Why did Michigan ban rent control? The short answer is that the corporate landlord lobby wanted them to. Following a successful wave of tenants’ rights activism, local momentum for rent control was growing in the 1980s. Tenant groups in Detroit and Ann Arbor successfully petitioned for rent control to be on their cities’ ballots, and Warren and Southfield were also considering ordinances.
Alexa Eisenberg, a Detroit resident, researcher, educator, and organizer. (Photo by Jonah Raduns-Silverstein)
Amid fierce opposition by the landlord lobby, the state government banned rent control with bipartisan support in July 1988. One month later, Detroiters passed a “Fair Rent Ordinance” that would have regulated rent increases and required landlords to be in compliance with city code before raising rents, but the law could not legally take effect. The ban nullified the will of Detroit voters, undermining Black political power and delivering a blow to the autonomy of local governments throughout Michigan.
Since the legislature banned rent control, median rent in Michigan has increased by 149%, while median household income has increased by only 29%. In a state with roughly 1.1 million renter households, landlords have filed over 2 million eviction cases in the last decade. Michigan’s eviction crisis is acute in cities with many Black and brown renters, reinforcing structural racism within the housing system.
Overburdened renters need urgent relief. On our way toward creating a functional housing system (one that functions to house people, not produce profits), rent controls are cost-effective consumer protections that policymakers can use now to combat skyrocketing rents, landlord profiteering, and displacement while making tenant protections more effective.
Kate Brantley, is a researcher and social worker based in Ann Arbor. (Courtesy photo)
The current ban on rent control makes it all but impossible for local governments to enact strong tenant protections. For instance, several Michigan cities have enacted or are considering right to renew and just cause protections, which seek to curb arbitrary evictions and lease non-renewals. While these policies can help stabilize renters, they lack teeth without rent control provisions. This is because landlords who want to circumvent the new laws have a loophole: raise the rent to a price the tenant can no longer afford.

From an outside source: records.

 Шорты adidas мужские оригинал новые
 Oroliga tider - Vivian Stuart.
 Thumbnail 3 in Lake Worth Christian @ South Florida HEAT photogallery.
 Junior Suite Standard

Without rent controls, rental code enforcement is a double-edged sword: non-enforcement means tenants suffer unsafe conditions, but enforcement means they may be forced to bear the costs of their landlords’ disinvestment. Without rent regulations and other protections (like the right to counsel), tenants may face retaliatory rent hikes if they file a complaint with local authorities.
Though the landlord lobby has largely succeeded in making rent control a dirty word, governments frequently intervene in the housing market to benefit property owners. For instance, Michigan law caps taxable values for homeowners at 5% or the rate of inflation (whichever is less). This is a form of housing cost control, on top of fixed-rate mortgages that most homeowners enjoy.

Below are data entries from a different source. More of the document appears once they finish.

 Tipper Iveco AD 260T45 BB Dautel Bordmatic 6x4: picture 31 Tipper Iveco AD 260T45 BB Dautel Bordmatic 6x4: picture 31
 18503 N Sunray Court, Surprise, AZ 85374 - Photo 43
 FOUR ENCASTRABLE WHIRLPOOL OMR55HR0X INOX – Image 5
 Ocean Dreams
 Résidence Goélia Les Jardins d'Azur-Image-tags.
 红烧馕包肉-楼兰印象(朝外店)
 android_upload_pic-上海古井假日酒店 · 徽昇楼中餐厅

Opponents argue that rent control regulations would result in a lack of new housing and landlord disinvestment. Not only do these problems exist without rent controls, but empirical studies and real-world examples show these arguments have little merit. Economic arguments tend to overlook the many social benefits of rent control regulations, including evidence that they enable low-income renters to remain in their homes, can curb gentrification and improve neighborhood stability, and may empower tenants to assert their rights. Though results are mixed, research has shown that the benefits of rent control for reducing inequality and stabilizing low-income households can outweigh its potential costs.
Rent controls require thoughtful implementation and are an incomplete solution to the housing crisis, but can provide a critical step toward housing justice. Repealing Michigan’s ban on rent control would not force the state or any city to enact rent control regulations – but it will equip local elected officials with the full range of policy tools they need to combat the crisis.

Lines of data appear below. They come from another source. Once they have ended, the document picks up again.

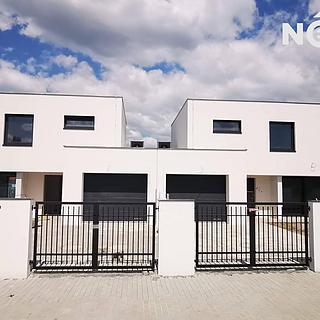 Prodej stavební parcely 474 m&sup2; Nechanice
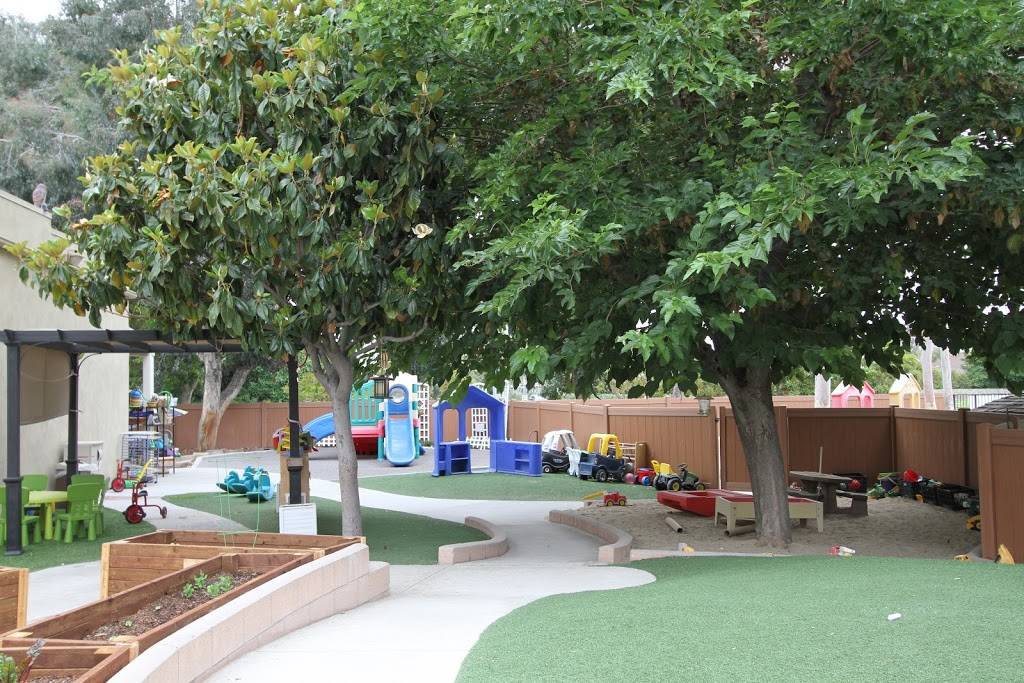 Good Shepherd Preschool | 4800 Irvine Center Dr, Irvine, CA 92604, USA | Phone: (949) 552-1967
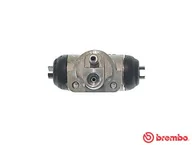 Cylinderki hamulcowe - BREMBO Cylinderek hamulcowy BREMBO A12C12 44100VE401 NISSAN NV200 10 A12C12 - miniaturka - grafika 1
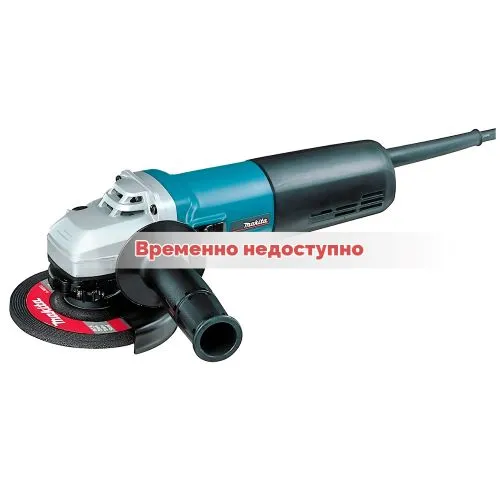 УШМ / Болгарка Makita GA 9565 HZ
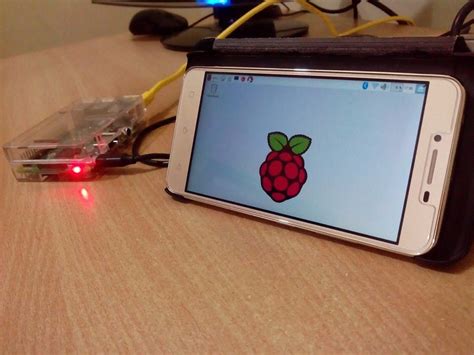 Afbeeldingsresultaten voor Raspberry Pi Phone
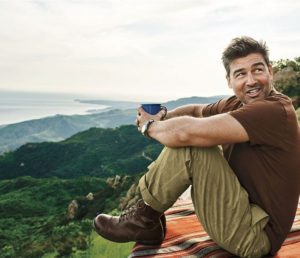 Kyle Chandler
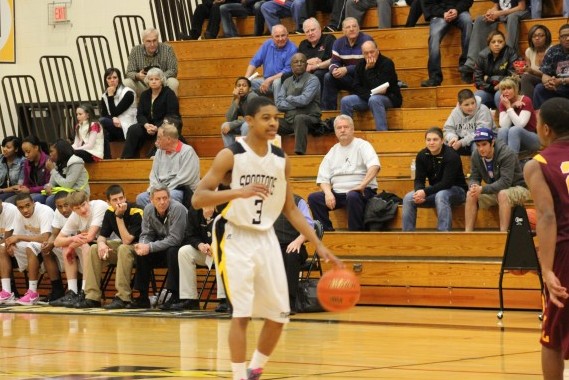 Kentucky Basketball Recruiting Will Tyler Ulis Be Another Great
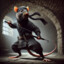 Rato Ninja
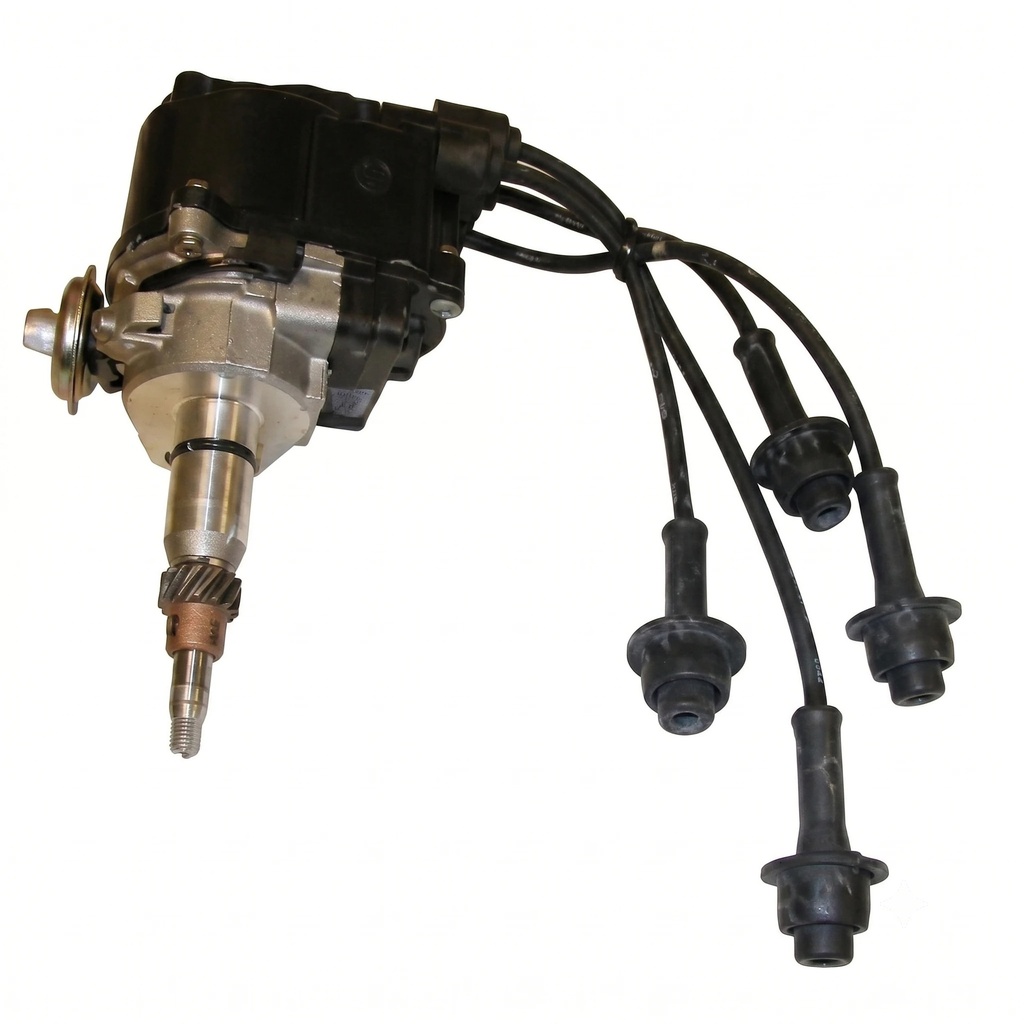 DISTRIBUTOR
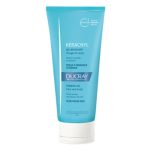 a cleansing gel indicated for daily purification of oily or acne prone skin.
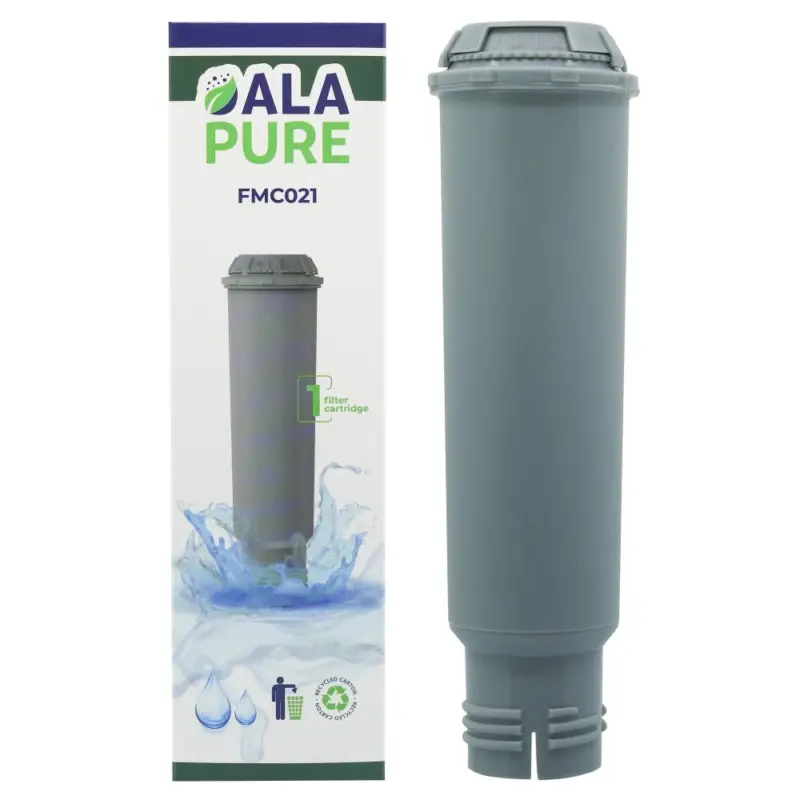 Beperkte Voorraad Alapure Waterfilter geschikt voor Krups F088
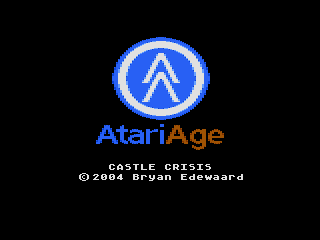 Castle Crisis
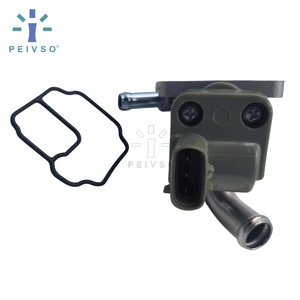OEM 22270-75030 <b>Engine</b> Idle Air Control Valve IAC Valve Motor for Toyota Fuel Injection <b>System</b> <b>Auto</b> Spare Parts#Valve 2227075030 - Product Image 4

This fall, hundreds of renters gathered at the state capitol to tell the Michigan legislature that the rent is too damn high, and are demanding that the legislature take action to empower renters by repealing the ban on rent control. Recently, city councils in Detroit, Pontiac, and Ypsilanti have put forward resolutions advocating for the power to pass rent control laws.
Michigan’s unregulated rental market is failing residents and causing our communities to suffer. It is long past time to lift the ban on rent control. The legislature must act now to restore local autonomy and prioritize the public interest over the profit interests of the landlord lobby.
Alexa Eisenberg is a researcher, educator, and organizer living in Detroit. Kate Brantley is a researcher and social worker based in Ann Arbor. Together they advocate for tenants’ rights and study eviction injustice in Detroit.